RAW DATA »
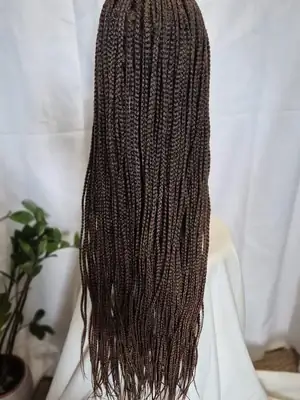 Synthetic box braids wig 5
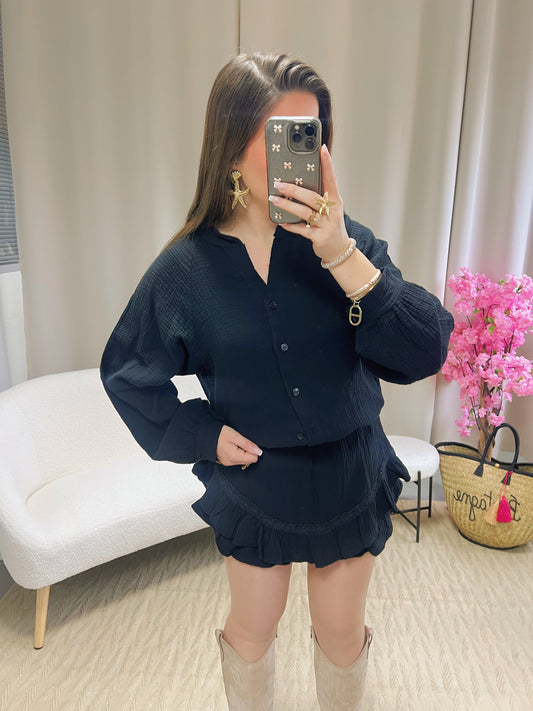Chemise LINA noire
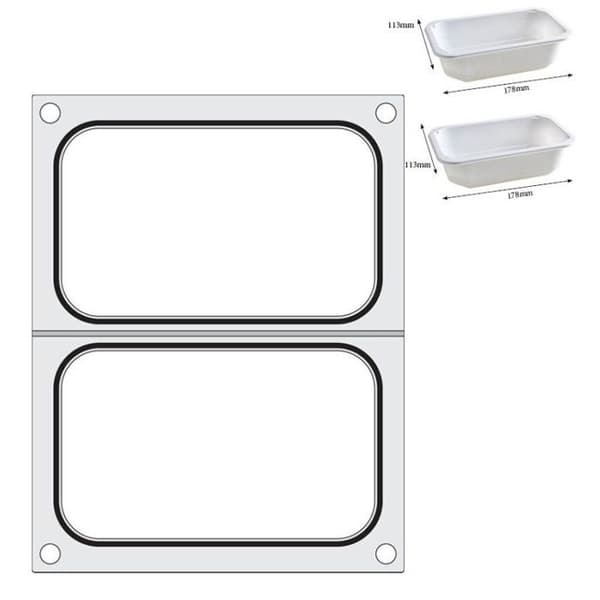 Förseglingsmatris 2x behållare 178x113 mm - Hendi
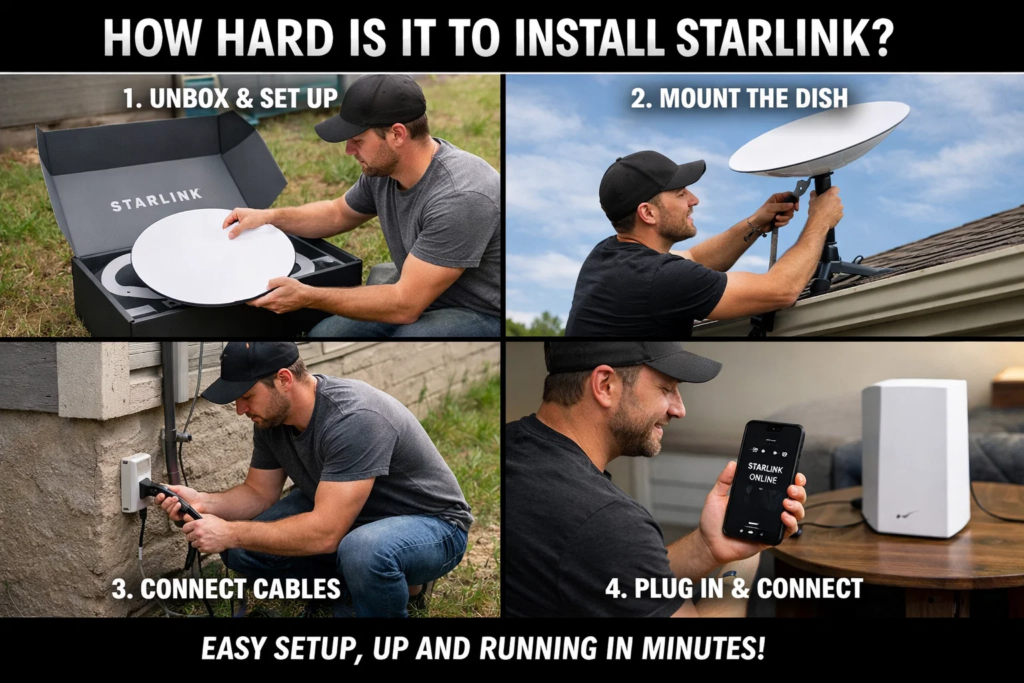 How hard is it to install Starlink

PROBLEM »
Since the pictures are not wanted, repeat only the rest of the material, exactly as given.

SOLVED EXERCISE »
 Synthetic box braids wig 5
Chemise LINA noire
 Förseglingsmatris 2x behållare 178x113 mm - Hendi
 How hard is it to install Starlink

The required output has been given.